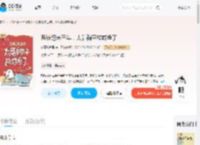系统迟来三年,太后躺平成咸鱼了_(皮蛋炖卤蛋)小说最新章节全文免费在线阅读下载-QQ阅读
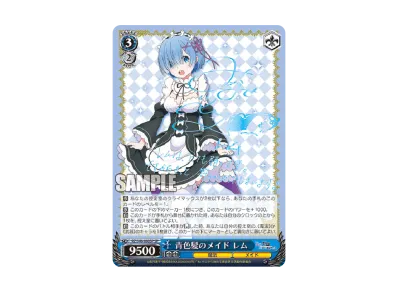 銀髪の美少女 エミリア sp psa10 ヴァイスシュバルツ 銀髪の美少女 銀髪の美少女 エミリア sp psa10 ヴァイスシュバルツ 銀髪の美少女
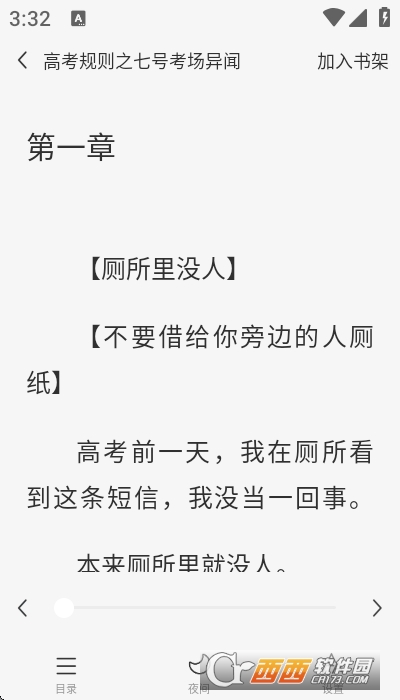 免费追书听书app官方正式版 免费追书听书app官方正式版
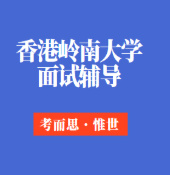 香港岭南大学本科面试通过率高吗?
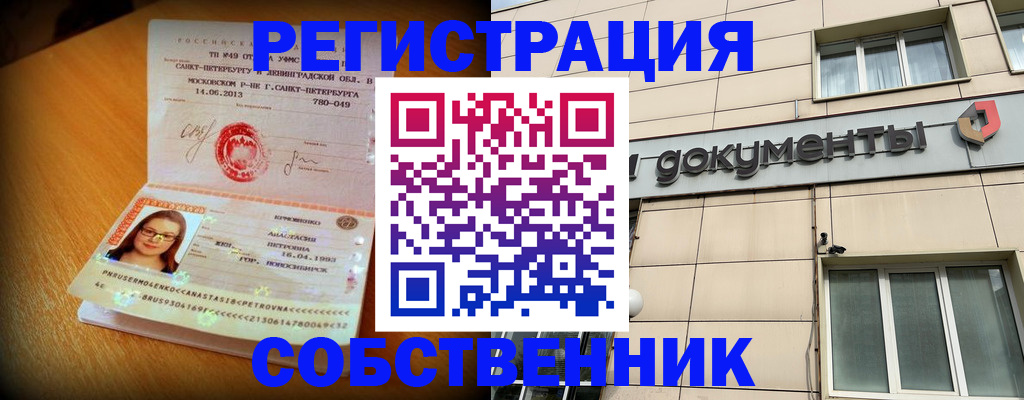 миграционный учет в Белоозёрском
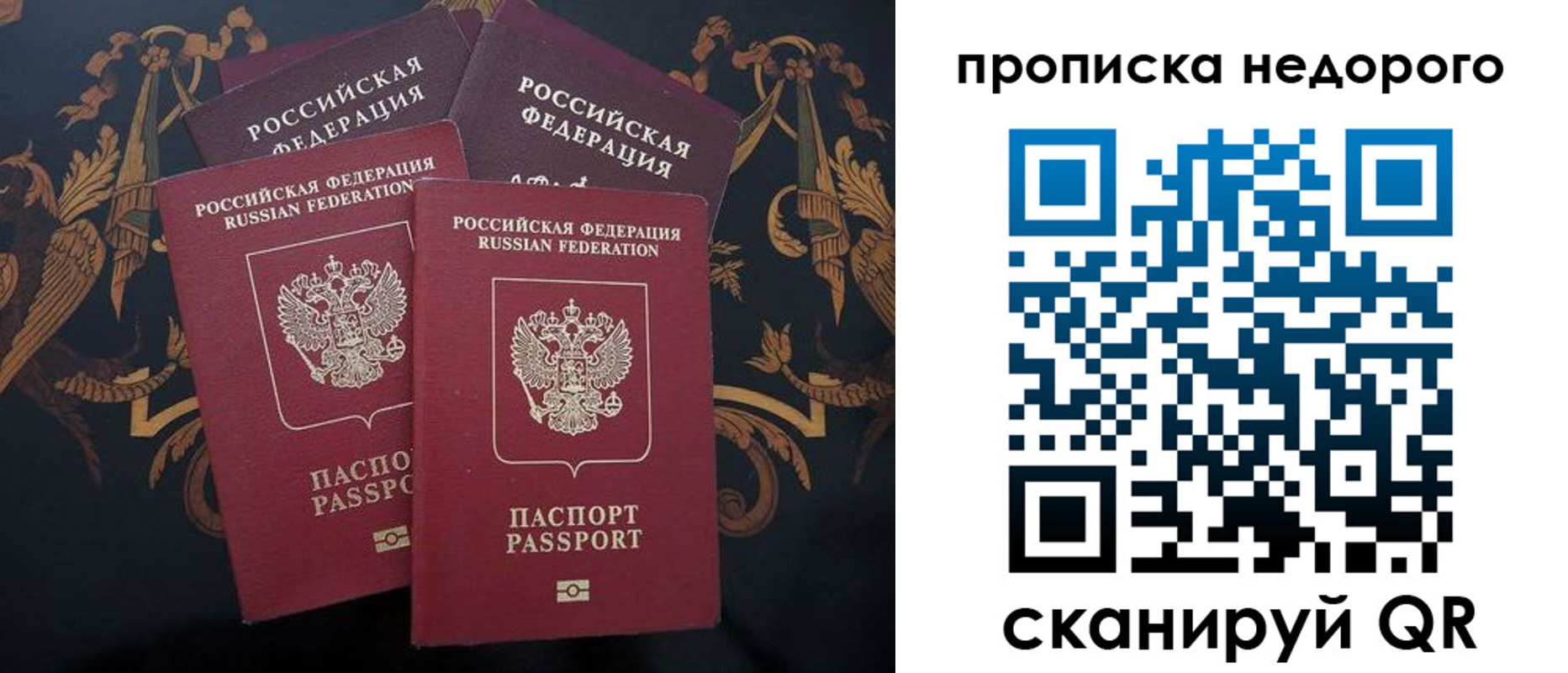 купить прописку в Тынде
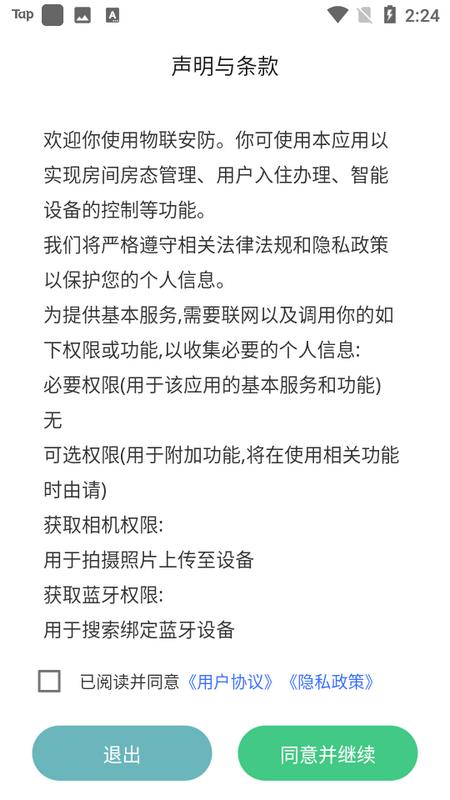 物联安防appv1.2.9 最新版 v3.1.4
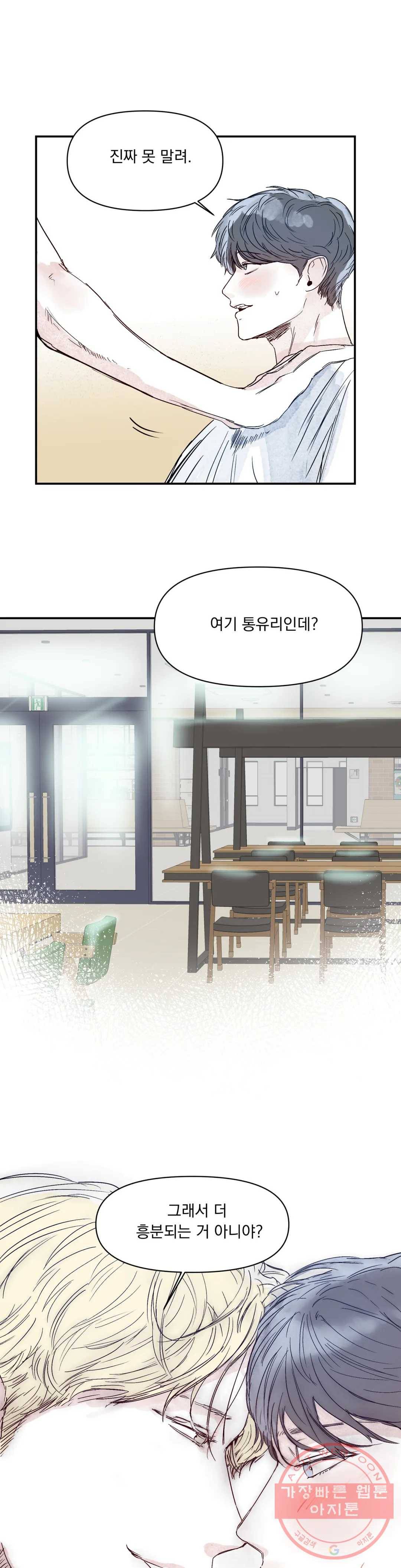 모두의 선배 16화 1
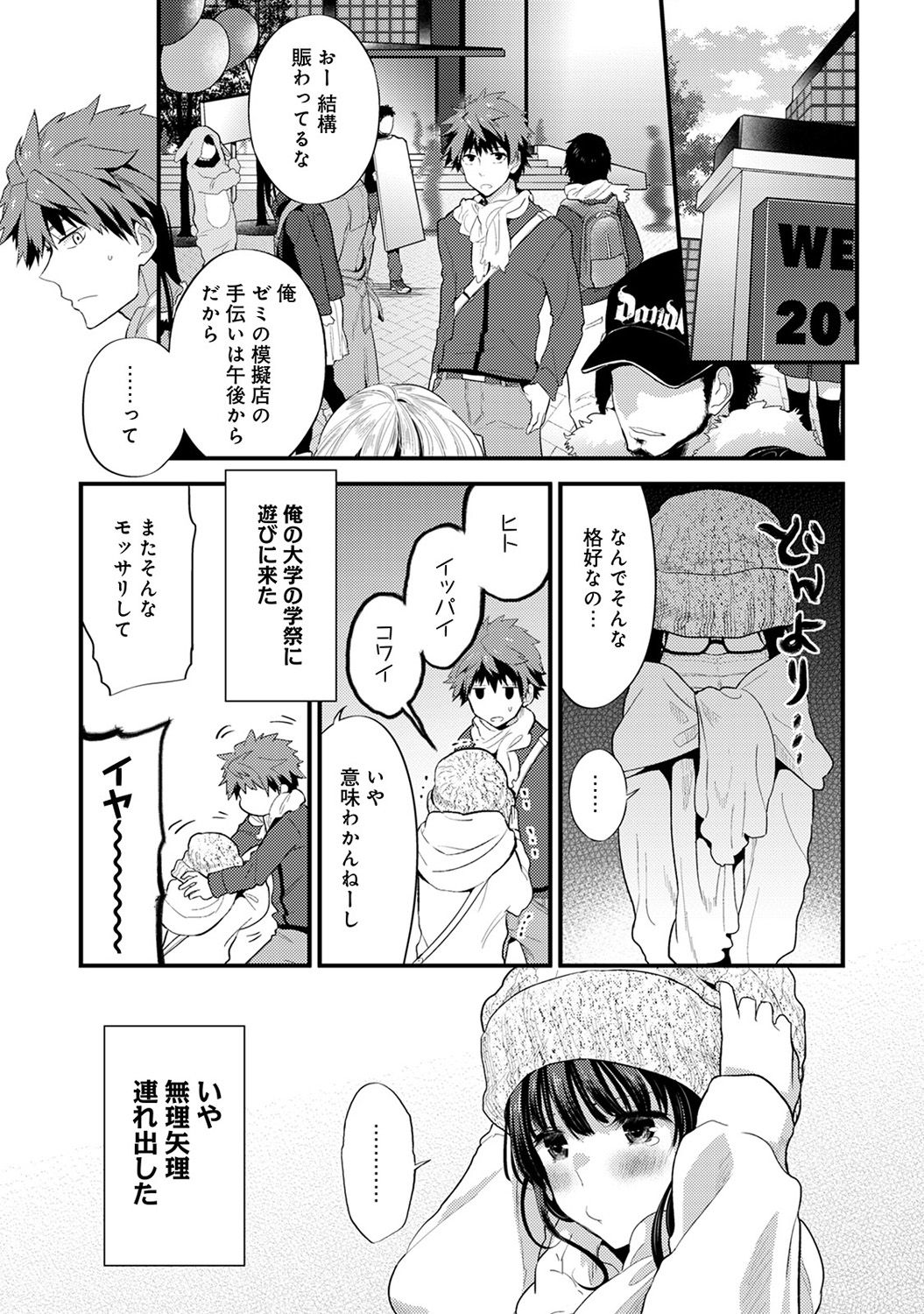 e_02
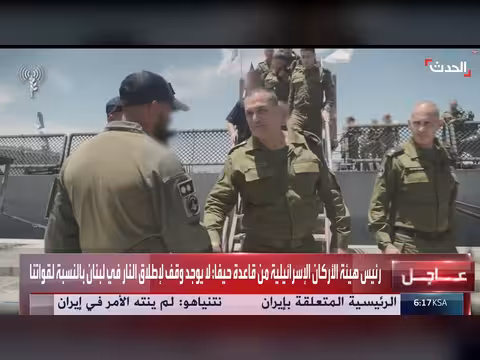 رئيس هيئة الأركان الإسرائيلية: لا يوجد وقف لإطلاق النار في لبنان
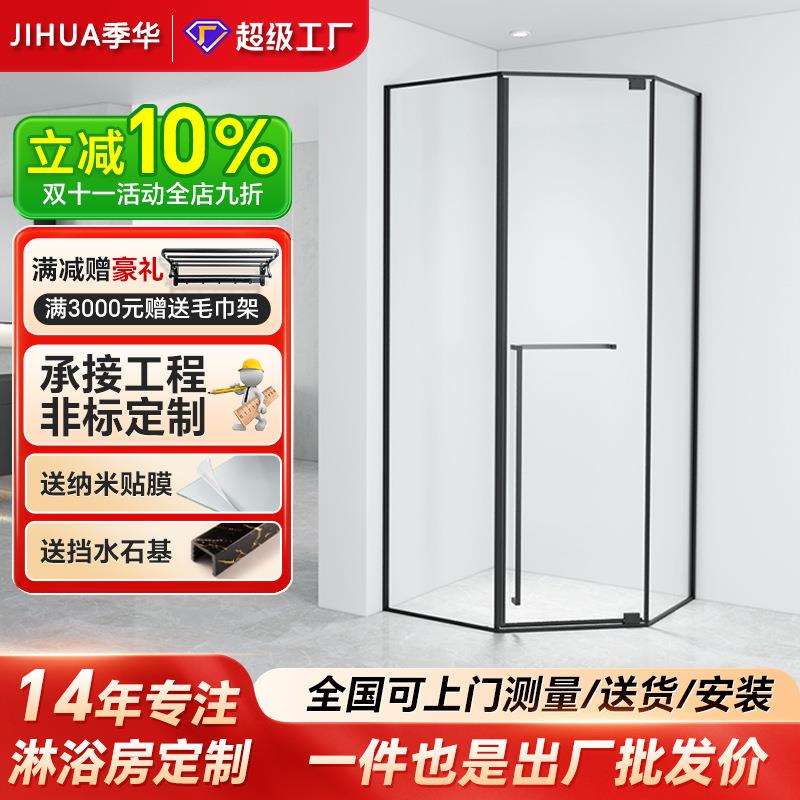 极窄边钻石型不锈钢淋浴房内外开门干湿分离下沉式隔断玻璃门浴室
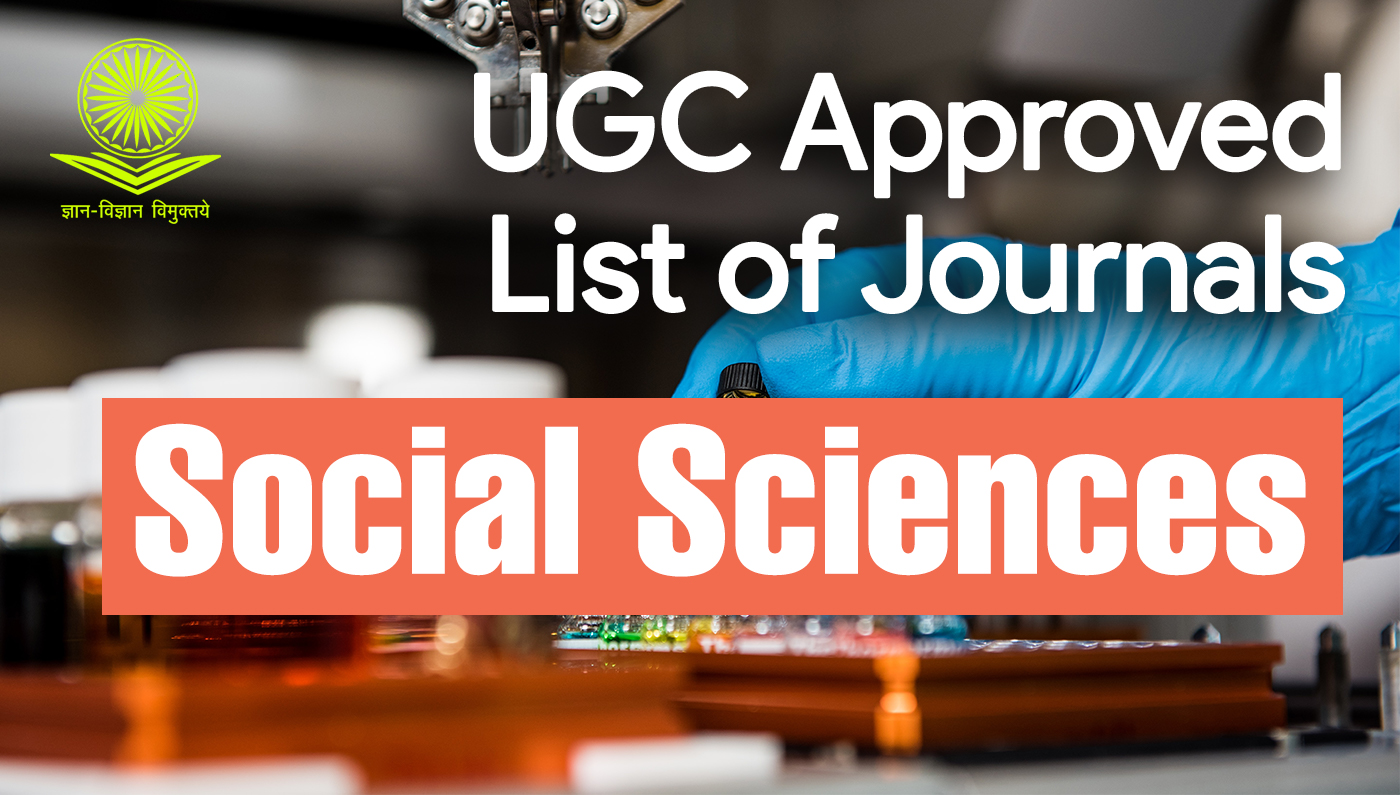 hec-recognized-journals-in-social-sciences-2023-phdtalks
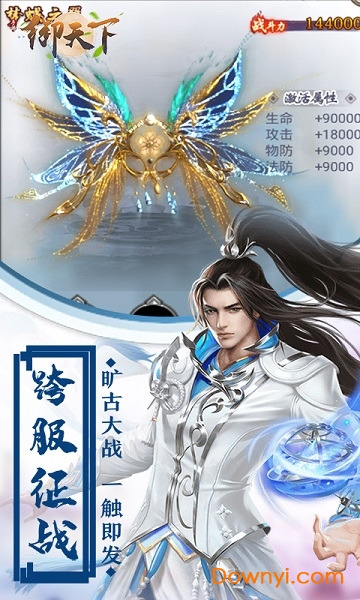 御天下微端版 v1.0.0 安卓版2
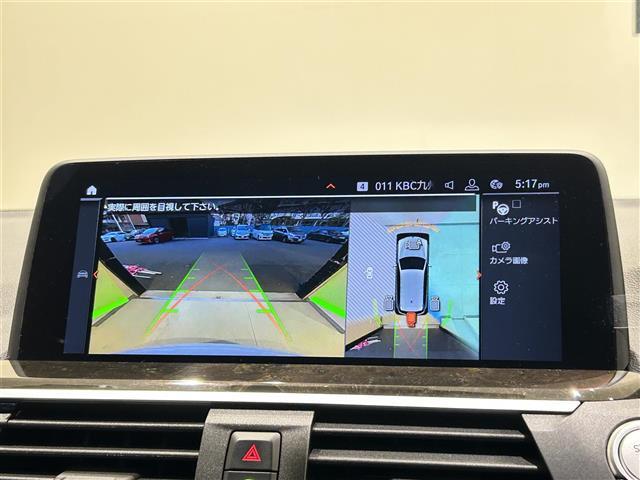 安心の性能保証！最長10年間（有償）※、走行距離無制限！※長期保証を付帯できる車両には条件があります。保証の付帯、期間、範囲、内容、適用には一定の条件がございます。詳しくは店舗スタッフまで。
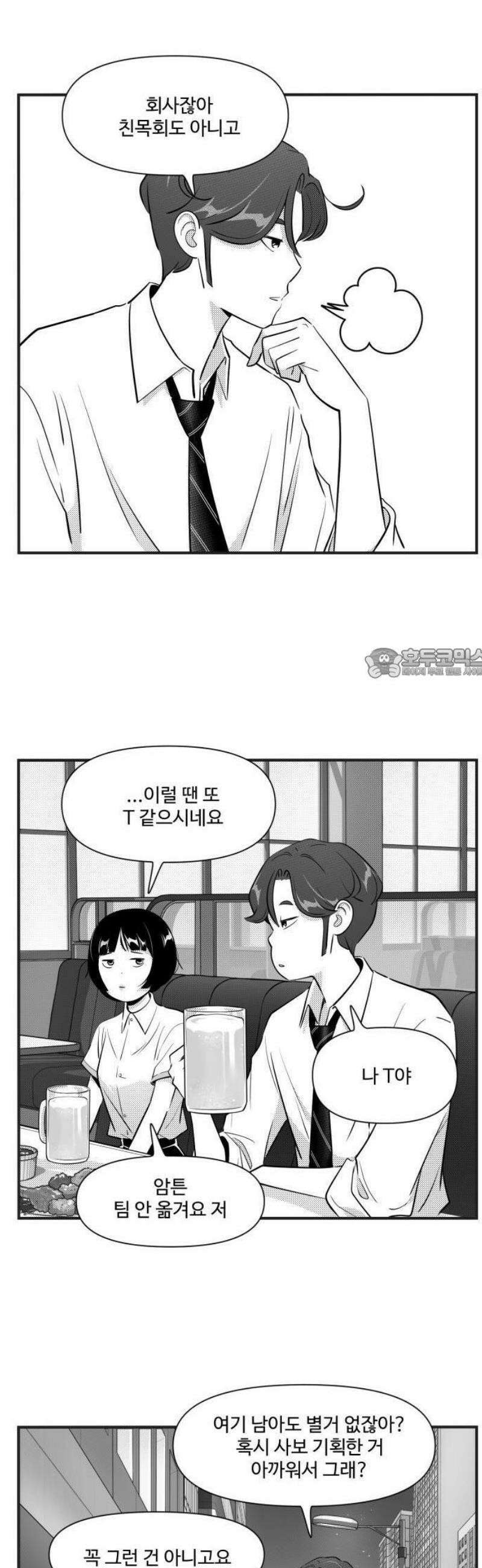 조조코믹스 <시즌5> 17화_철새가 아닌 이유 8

──────

Exercise objective:
Would you give again exactly the lines from the line containing "极窄边钻石型不锈钢淋浴房内外开门干湿分离下沉式隔断玻璃门浴室" through the end of the listing, both ends included, without any pictures?

Answer space:
 极窄边钻石型不锈钢淋浴房内外开门干湿分离下沉式隔断玻璃门浴室
 hec-recognized-journals-in-social-sciences-2023-phdtalks
 御天下微端版 v1.0.0 安卓版2
 安心の性能保証！最長10年間（有償）※、走行距離無制限！※長期保証を付帯できる車両には条件があります。保証の付帯、期間、範囲、内容、適用には一定の条件がございます。詳しくは店舗スタッフまで。
 조조코믹스 <시즌5> 17화_철새가 아닌 이유 8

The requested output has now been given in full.